Language like this is a product of the time in which books like Little House were written (1935, to be exact) — but how do we deal with language like this when making them available for kids to read today? As a big fan of the Little House series myself, I would never assert that we ban books like this because of these references, but I do think that parents and teachers must address them directly so they don’t seem acceptable to young readers who still have so much to learn about the world around them.

6. Girls have it way worse.

In Matilda, Matilda’s mother tells teacher Miss Honey that she best find herself a rich man who can take care of her. Matilda’s brother Michael is praised at every turn, while Matilda is constantly put down because of her interest in books and learning. Nancy Drew defers to her father at every turn and asks him to take the lead on big conversations related to her investigation, despite the fact that she’s supposed to be the detective.
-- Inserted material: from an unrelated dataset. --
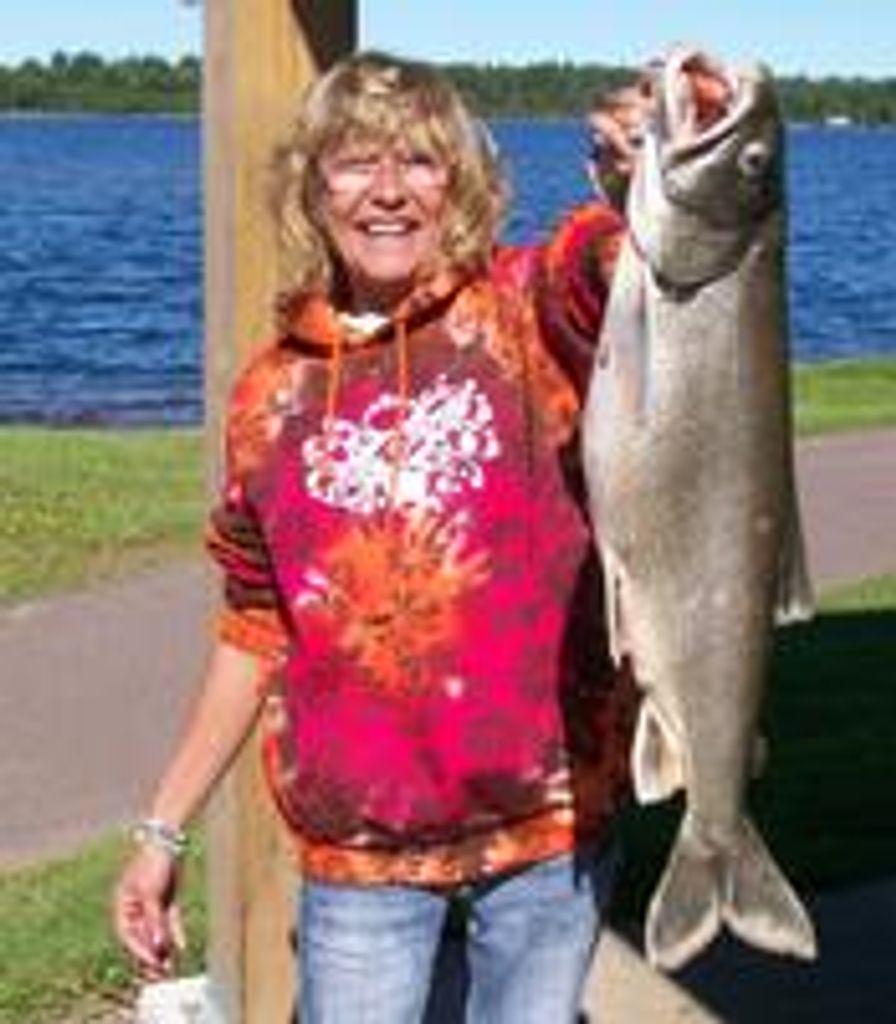 Darlene Helen Elmblad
In Megan McCafferty’s 2001 YA novel Sloppy Firsts, narrator Jessica Darling gives the boys at school a free pass for sexual promiscuity while judging her female friends for doing the same.
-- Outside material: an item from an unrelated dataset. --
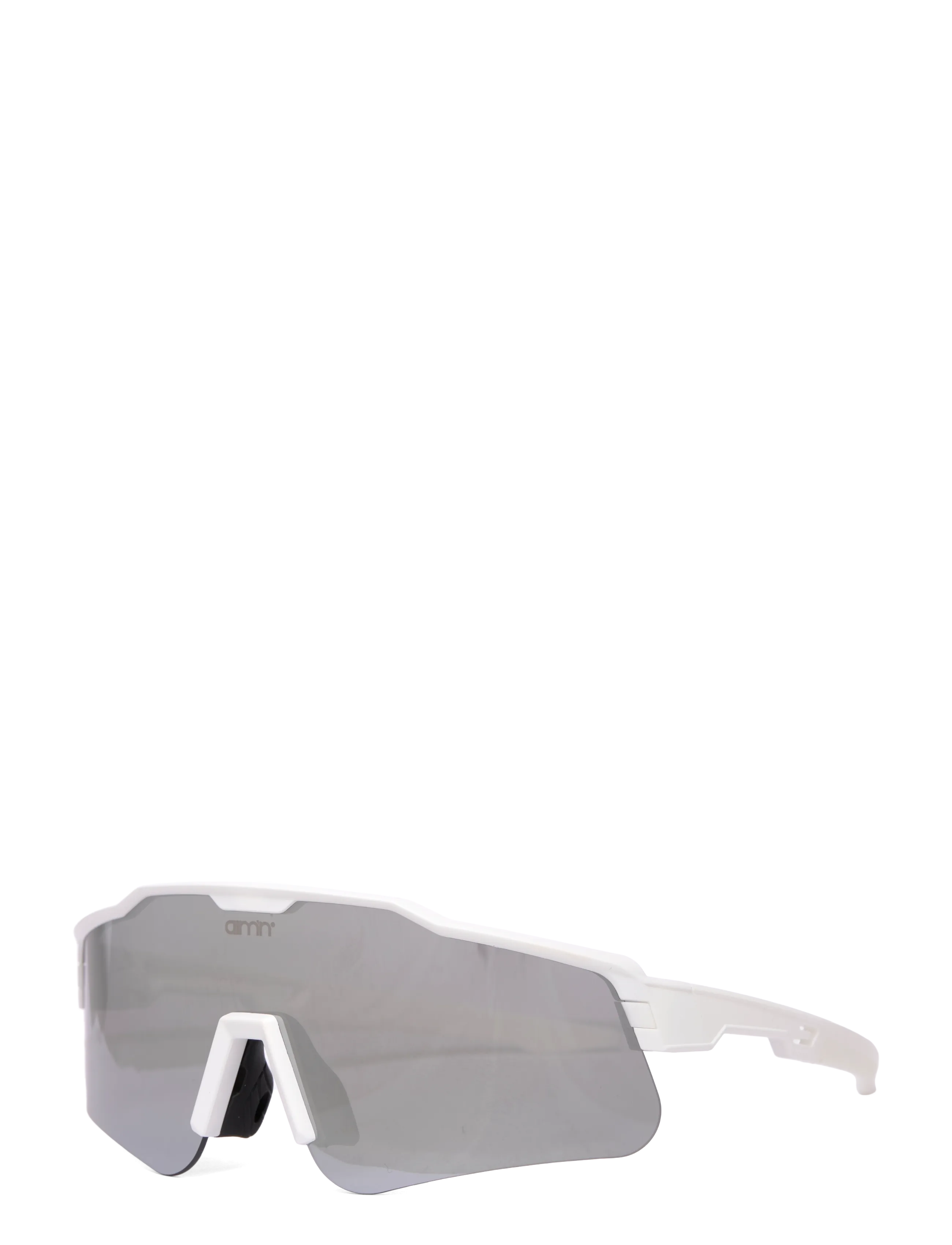 aim´n - Pace Sunglasses - silver - 1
The more books I revisit for the podcast, the more amazed I am by the extent to which double standards and power imbalances between men and women exist in so many of my childhood favorites. Am I looking for it? At this point, the answer is probably yes. But do I always find it? The answer is definitely yes — and without a lot of effort.
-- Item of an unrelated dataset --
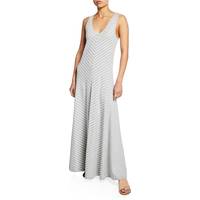 Joan Vass Women's Sleeveless Dresses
Am I looking for power imbalances between men and women in my childhood favorites? At this point, the answer is probably yes. But do I always find it? The answer is definitely yes — and without a lot of effort.

7. Looks are really important.

In the first sentence of The Secret of the Old Clock, we learn that Nancy Drew is “attractive.” Mia’s awkwardness and frizzy hair are much-discussed throughout The Princess Diaries. The four protagonists of The Sisterhood of the Traveling Pants are pretty in different ways, but none of them are described as unattractive. In so many of my favorite children’s books, I see now that my ability to relate to characters or see them as “good” was often dependent on how pretty they were.

Yes, many adult books rely on physical description to an extent — but it tends to involve more detail and nuance, making it feel less like a straightforward commentary on what kind of person the character in question really is. Since a character’s personality traits tend to be developed and explored to a deeper level in books written for adults, appearance becomes just one more element of who they are. Titles written for kids are less likely to delve into complicated backstories and complex emotional examination, totally tipping the balance and putting a higher premium on the easier to handle superficial descriptors.

Even with all of these issues at play, I’ve been reminded over the last few months of just how magical some of the books from my childhood really are. As a 27-year-old, I’ve loved the experience of watching Kristy and her friends build a business in the first book of the Babysitters Club series, and of discovering the power of choice and agency alongside Ella Enchanted as she title character breaks the lifelong curse that forced her into unconditional obedience. While two additional decades of life lessons have made me much more painfully aware of the problems that are present in kid lit, they’ve also made me more appreciative of all that the category has to teach. Sharing these books with the next generation of readers, I think, is all about transparency and communication — being ready to explain the bad with the good, and explaining in no uncertain terms that adults do believe kids, for example, or that it’s never acceptable to make sweeping, dangerous judgments about groups of people. Nostalgia shouldn’t be a reason for us to ignore these problems… but it can definitely make it easier to forgive and move on as more discerning readers.